Who can participate: Patients must be 18 years or older with a confirmed diagnosis of essential thrombocythemia according to 2016 World Health Organization criteria, including a bone marrow biopsy not older than 5 years. They must need treatment to reduce blood cell counts but be intolerant to, not responding to, or ineligible for other approved treatments. There must be at least a 14-day break from previous treatments. Patients must not have received interferon treatment before and must have adequate liver function. They must score 0-7 on both parts of a questionnaire assessing anxiety and depression levels, or receive psychiatric clearance if scores are slightly higher.
Who cannot participate: Patients with conditions other than essential thrombocythemia are excluded. Those who are not intolerant, refractory, or ineligible for other blood cell-reducing therapies cannot participate. Vulnerable populations requiring special protection are also excluded.

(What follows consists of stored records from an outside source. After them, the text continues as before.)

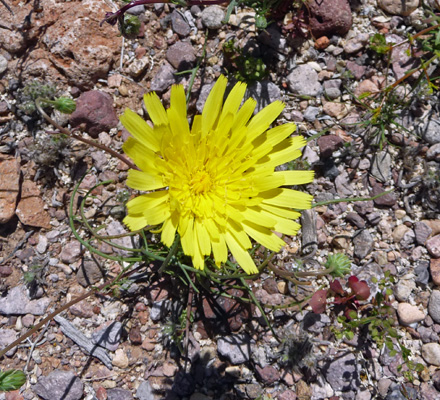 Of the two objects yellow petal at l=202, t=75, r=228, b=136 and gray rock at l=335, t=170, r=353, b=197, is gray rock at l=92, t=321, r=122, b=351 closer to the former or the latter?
yellow petal at l=202, t=75, r=228, b=136

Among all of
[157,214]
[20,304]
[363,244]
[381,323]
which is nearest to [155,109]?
[157,214]

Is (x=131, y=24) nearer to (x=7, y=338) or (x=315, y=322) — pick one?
(x=7, y=338)

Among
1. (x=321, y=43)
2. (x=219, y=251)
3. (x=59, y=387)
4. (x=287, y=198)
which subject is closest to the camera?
(x=219, y=251)

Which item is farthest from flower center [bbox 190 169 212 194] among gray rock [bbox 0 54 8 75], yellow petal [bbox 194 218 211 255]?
gray rock [bbox 0 54 8 75]

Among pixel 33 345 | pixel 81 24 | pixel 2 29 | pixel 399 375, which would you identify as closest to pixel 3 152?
pixel 2 29

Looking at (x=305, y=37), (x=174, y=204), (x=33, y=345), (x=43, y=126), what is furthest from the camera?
(x=305, y=37)

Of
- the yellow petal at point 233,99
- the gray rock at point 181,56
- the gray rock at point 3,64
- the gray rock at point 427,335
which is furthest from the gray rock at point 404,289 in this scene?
the gray rock at point 3,64

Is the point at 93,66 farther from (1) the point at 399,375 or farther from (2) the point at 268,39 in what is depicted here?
(1) the point at 399,375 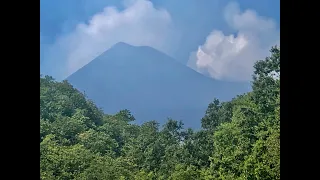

What the study involves: After a screening phase lasting up to 28 days, participants receive ropeginterferon alfa-2b injections under the skin. The dosage is adjusted based on individual response and tolerance. Regular monitoring tracks blood counts and symptoms. The primary goal is to assess disease response at month 12, with additional evaluations at months 9, 18, 24, 30, and 36. The study also monitors for blood clots or bleeding events and uses questionnaires to assess quality of life and symptom improvement. Ropeginterferon alfa-2b is an interferon that modulates the immune system to reduce excessive blood cell production. The study is expected to conclude by December 28, 2027.
Summary
All three ongoing clinical trials focus on myeloproliferative neoplasms, with essential thrombocythemia being addressed in all studies. These trials are widely distributed across Europe, with the ropeginterferon alfa-2b study having the broadest geographic reach across 10 countries. The pelabresib study uniquely focuses on long-term safety for patients already receiving treatment, while the gandotinib and ropeginterferon studies test effectiveness in patients with limited previous treatment options. Each medication uses a different approach: pelabresib as a BET inhibitor, gandotinib as a kinase inhibitor, and ropeginterferon alfa-2b as an interferon therapy. These diverse treatment mechanisms offer hope for patients with varying needs and treatment histories.